[WHAT THE TASK REQUIRES]: Each line below from the one containing "BYD Seal — фото 2" through the one containing "Mercedes C 240" is to be given again exactly, and no line outside that span.

[DATA SUPPLIED]:
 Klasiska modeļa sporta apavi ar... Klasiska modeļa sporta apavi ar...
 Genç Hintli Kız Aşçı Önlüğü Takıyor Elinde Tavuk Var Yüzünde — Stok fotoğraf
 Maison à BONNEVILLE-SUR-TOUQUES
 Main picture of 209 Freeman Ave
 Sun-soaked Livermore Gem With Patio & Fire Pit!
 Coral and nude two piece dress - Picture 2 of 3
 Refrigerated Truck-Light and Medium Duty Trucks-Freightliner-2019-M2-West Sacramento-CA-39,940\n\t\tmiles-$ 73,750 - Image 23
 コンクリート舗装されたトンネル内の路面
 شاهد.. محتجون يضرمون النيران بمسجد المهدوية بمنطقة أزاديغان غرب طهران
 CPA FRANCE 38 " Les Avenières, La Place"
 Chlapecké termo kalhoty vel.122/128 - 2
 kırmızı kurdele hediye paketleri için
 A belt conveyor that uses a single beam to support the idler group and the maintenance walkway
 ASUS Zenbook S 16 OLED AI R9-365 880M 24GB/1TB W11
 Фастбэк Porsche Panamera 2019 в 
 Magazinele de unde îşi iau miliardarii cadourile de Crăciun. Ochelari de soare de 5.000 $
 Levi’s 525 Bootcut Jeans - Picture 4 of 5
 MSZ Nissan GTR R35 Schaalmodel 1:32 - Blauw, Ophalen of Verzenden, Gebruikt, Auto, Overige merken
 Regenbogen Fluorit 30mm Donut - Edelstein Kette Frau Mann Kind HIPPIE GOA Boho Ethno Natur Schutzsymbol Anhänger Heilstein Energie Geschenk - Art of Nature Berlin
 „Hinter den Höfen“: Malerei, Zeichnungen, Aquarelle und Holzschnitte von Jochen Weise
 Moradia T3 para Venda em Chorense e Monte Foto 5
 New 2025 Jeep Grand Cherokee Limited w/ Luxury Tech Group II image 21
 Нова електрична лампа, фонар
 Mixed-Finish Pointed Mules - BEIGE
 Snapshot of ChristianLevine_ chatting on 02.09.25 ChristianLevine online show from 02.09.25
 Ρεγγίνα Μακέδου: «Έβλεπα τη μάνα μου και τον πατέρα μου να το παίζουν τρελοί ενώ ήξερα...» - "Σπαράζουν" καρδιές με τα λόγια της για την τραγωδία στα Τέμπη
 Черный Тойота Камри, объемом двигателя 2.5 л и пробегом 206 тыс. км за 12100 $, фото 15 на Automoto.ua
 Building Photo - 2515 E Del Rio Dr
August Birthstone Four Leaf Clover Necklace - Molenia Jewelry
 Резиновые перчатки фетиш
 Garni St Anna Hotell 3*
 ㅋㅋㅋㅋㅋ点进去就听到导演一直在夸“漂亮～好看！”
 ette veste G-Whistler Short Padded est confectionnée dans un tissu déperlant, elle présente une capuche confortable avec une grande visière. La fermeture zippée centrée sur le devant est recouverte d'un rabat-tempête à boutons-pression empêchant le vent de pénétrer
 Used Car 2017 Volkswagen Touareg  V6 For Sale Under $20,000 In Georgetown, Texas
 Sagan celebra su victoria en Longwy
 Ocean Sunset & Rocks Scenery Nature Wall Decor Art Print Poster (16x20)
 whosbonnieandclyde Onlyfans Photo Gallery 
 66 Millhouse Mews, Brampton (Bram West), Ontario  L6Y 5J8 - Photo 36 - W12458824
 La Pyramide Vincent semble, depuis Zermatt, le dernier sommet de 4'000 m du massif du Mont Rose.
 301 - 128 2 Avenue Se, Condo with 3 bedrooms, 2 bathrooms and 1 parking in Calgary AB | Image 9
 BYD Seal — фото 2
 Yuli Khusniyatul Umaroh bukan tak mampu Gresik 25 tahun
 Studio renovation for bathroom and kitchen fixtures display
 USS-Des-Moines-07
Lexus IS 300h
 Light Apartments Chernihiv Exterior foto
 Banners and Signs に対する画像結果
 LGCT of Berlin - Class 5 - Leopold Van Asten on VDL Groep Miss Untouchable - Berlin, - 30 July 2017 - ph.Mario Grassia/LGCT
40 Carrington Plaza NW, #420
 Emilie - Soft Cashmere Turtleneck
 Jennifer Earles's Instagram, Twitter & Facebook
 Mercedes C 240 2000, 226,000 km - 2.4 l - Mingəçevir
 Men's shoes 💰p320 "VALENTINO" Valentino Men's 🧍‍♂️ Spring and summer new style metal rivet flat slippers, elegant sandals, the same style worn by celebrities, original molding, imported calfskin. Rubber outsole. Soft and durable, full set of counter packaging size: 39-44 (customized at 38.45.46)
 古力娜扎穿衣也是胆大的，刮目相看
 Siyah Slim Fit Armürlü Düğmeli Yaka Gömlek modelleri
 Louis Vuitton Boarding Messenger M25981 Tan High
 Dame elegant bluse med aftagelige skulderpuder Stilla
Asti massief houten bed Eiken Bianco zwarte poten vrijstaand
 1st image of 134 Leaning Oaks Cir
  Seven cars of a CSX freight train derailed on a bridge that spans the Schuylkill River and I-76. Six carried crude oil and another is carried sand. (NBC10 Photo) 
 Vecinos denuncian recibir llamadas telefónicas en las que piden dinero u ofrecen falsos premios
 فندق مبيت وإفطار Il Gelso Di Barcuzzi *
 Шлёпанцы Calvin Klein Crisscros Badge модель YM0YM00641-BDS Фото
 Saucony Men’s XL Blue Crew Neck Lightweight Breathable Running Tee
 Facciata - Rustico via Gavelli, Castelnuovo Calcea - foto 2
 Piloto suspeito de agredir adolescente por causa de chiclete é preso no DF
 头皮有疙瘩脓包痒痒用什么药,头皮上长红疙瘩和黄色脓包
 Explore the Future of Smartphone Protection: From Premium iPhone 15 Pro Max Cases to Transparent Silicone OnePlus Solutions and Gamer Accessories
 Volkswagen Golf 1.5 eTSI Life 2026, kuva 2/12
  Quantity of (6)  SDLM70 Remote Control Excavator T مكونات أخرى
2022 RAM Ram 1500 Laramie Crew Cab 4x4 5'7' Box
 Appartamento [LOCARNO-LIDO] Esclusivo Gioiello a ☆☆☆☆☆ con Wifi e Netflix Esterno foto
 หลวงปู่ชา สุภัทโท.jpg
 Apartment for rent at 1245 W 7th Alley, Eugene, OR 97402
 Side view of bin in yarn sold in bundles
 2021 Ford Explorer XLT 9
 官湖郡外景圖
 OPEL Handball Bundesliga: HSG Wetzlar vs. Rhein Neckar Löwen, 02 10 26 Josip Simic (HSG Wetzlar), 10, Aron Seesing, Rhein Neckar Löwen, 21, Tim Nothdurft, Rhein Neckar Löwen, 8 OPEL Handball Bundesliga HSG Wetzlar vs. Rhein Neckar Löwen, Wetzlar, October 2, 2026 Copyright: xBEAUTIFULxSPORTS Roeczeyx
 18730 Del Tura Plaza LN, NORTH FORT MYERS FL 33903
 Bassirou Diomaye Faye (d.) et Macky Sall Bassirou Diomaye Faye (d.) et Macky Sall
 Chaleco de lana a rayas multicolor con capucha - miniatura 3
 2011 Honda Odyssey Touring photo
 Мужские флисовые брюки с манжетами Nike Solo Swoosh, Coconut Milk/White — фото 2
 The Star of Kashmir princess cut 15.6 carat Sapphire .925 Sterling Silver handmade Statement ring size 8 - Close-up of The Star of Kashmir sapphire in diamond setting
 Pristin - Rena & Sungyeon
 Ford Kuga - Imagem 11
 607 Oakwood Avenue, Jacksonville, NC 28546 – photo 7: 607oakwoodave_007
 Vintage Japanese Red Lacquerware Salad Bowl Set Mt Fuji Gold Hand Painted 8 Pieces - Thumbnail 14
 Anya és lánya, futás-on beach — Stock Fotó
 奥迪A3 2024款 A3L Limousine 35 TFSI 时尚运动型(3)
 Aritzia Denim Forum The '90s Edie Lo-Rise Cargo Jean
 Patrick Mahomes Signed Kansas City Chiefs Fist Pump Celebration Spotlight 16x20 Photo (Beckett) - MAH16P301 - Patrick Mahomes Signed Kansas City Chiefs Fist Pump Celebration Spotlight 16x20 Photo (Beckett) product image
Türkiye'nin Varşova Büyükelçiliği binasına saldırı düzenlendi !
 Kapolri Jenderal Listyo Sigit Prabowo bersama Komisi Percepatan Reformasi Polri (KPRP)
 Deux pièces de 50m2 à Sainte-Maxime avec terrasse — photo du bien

[TASK OUTPUT]:
 BYD Seal — фото 2
 Yuli Khusniyatul Umaroh bukan tak mampu Gresik 25 tahun
 Studio renovation for bathroom and kitchen fixtures display
 USS-Des-Moines-07
Lexus IS 300h
 Light Apartments Chernihiv Exterior foto
 Banners and Signs に対する画像結果
 LGCT of Berlin - Class 5 - Leopold Van Asten on VDL Groep Miss Untouchable - Berlin, - 30 July 2017 - ph.Mario Grassia/LGCT
40 Carrington Plaza NW, #420
 Emilie - Soft Cashmere Turtleneck
 Jennifer Earles's Instagram, Twitter & Facebook
 Mercedes C 240 2000, 226,000 km - 2.4 l - Mingəçevir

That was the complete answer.